Guru Susan Lumpuh bukan Akibat Vaksin Covid-19
Seorang guru di Sukabumi, Susan Antela, mengalami kelumpuhan sehabis menerima vaksinasi Covid-19. Komnas Kejadian Ikutan Pasca Imunisasi (KIPI), Hindra Irawan Satari menyebut, guru 31 tahun itu mengidap sindrom langka Guillain Barre Syndrome (GBS) dan bukan karena vaksin.
"Sampai dengan saat ini, vaksin Covid-19 aman, lebih aman daripada tidak divaksinasi, meski masih mungkin masih bisa terpapar virus corona.

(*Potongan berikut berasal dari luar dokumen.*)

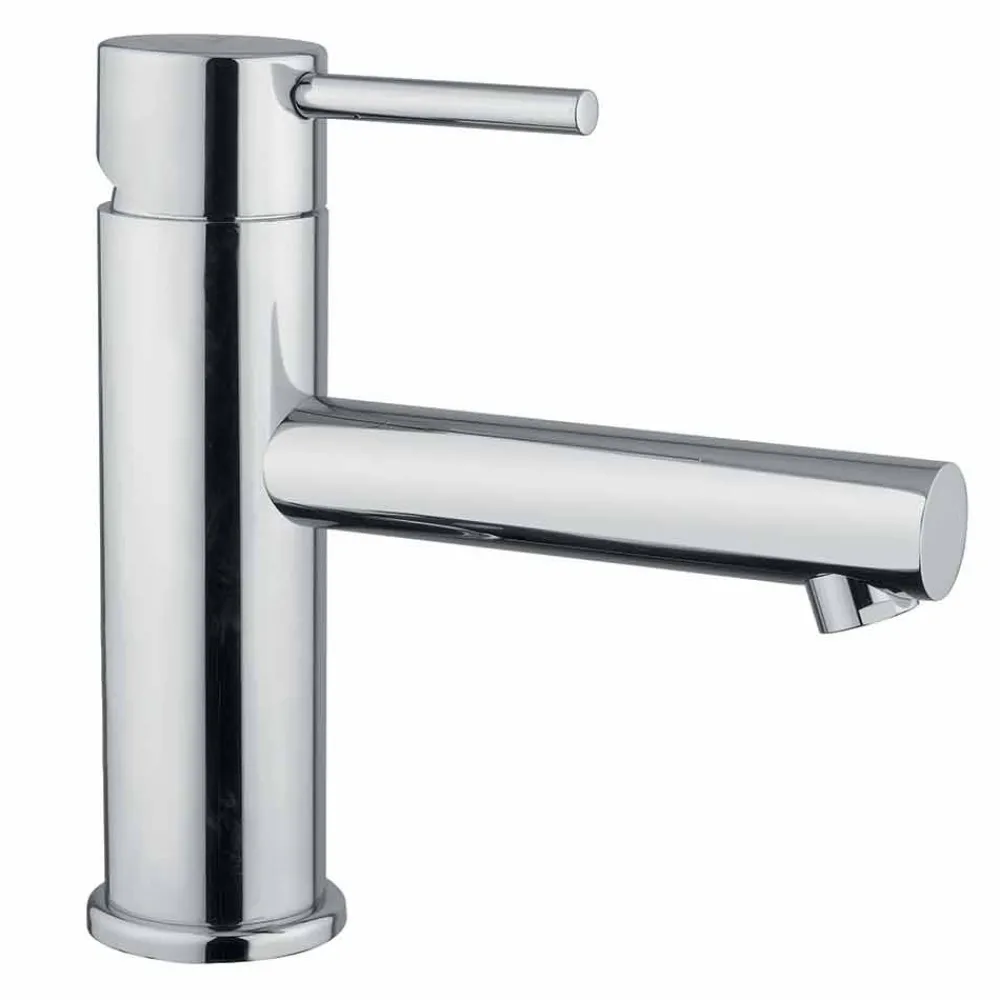 Viadurini Taps Waschbeckenarmaturen-Moderner Waschbeckenmischer aus Chrom-Messing Hergestellt in Italien - Ermia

Namun biasanya ringan dan tidak memerlukan perawatan di rumah sakit, cukup isoman saja," ungkap dia.
Hindra juga mengingatkan, bila ada keluhan setelah imunisasi atau vaksinasi segera menghubungi nomor telepon yang ada di halaman belakang kartu vaksinasi yang diberikan sebelum pulang ditempat pemberian vaksinasi.
Sehingga laporan akan dicatat dan disampaikan kepada Komda/komnas untuk ditindaklanjuti. "Apabila melapornya di media sosial, maka yang terjadi bukan pemecahan masalah , namun malah menambah masalah," kata Hindra.

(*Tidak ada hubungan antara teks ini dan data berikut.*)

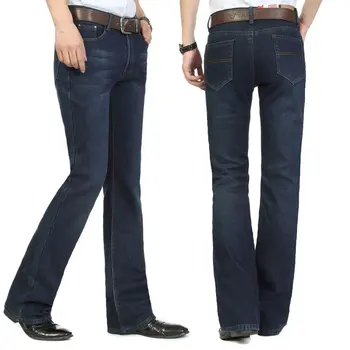 Džínsy mužov 2020 Jeseň a v Zime Mužov Mid-vysoký pás Micro-čipky nohavice pure Black plus velvet hrubé nohavice-Jeans Pre Mužov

Sindrom langka yang menyerang saraf ini menyebabkan otot-otot di tubuh melemah, bahkan hingga lumpuh. Penyebab pastinya belum diketahui, tetapi banyak kasus dikaitkan dengan infeksi virus maupun bakteri.

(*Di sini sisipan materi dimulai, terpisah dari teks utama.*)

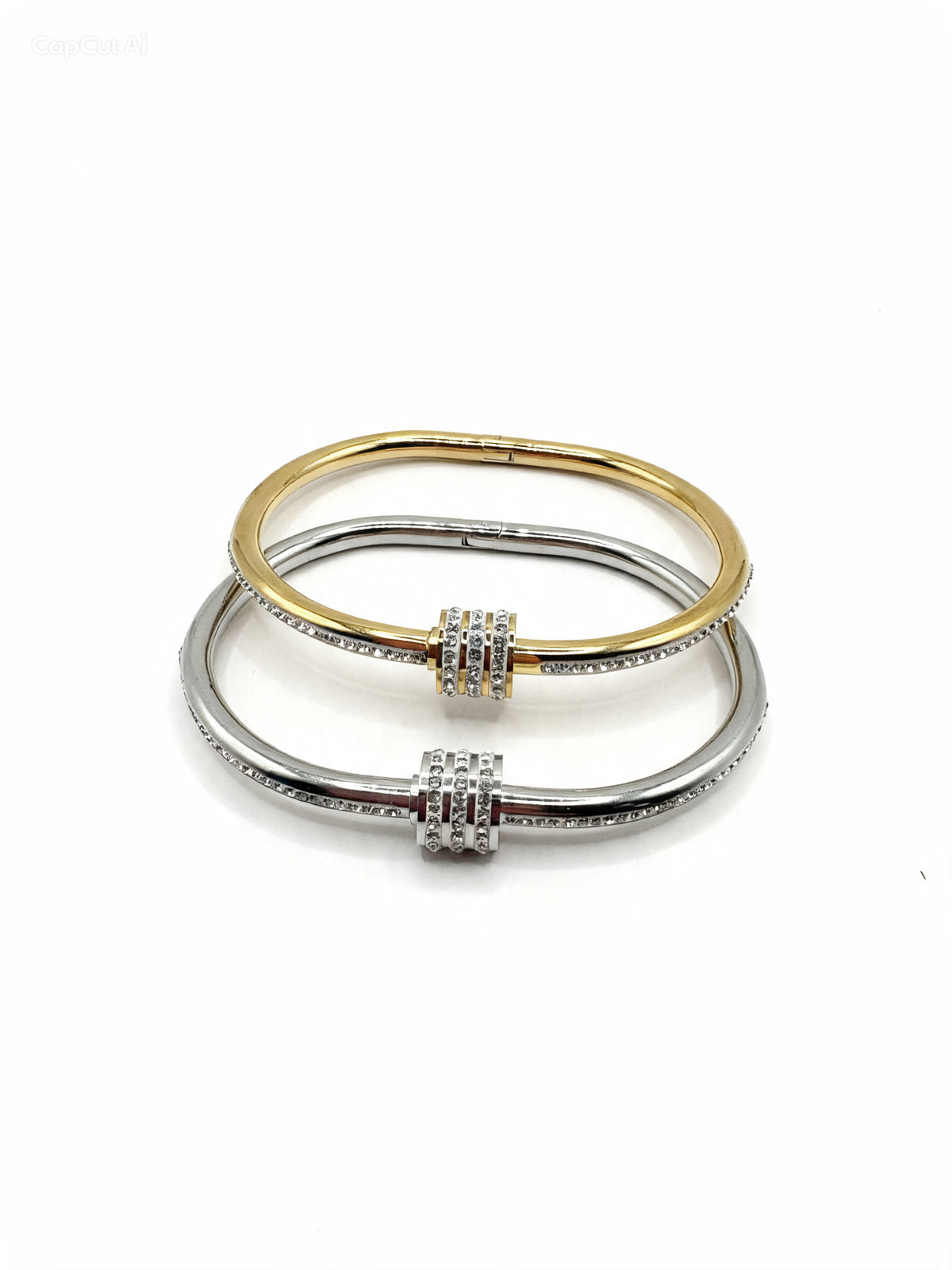 Valeria — Bracelet Bangle Anneau Strass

Dikutip dari laman Mayo Clinic, sindrom Guillain Barre (GBS) adalah kelainan langka di mana sistem kekebalan tubuh merusak sel saraf, menyebabkan kelemahan otot dan terkadang kelumpuhan. Meskipun penyebabnya tidak sepenuhnya dipahami, sindrom ini sering kali terjadi setelah infeksi virus atau bakteri.
Kesemutan
Kelemahan dan kesemutan biasanya merupakan gejala pertama. Sensasi ini bisa menyebar dengan cepat, akhirnya melumpuhkan seluruh tubuh. Dalam bentuk yang paling parah, sindrom Guillain-Barre adalah keadaan darurat medis. Kebanyakan orang dengan kondisi tersebut harus dirawat di rumah sakit untuk menerima perawatan.
Belum ada obat yang diketahui untuk sindrom Guillain Barre, tetapi beberapa perawatan dapat meredakan gejala dan mengurangi durasi penyakit. Meskipun kebanyakan orang sembuh dari sindrom Guillain-Barre, angka kematiannya adalah 4-7 persen.
Antara 60-80 persen pengidapnya mampu berjalan dalam enam bulan. Pasien mungkin mengalami efek yang menetap, seperti kelemahan, mati rasa atau kelelahan.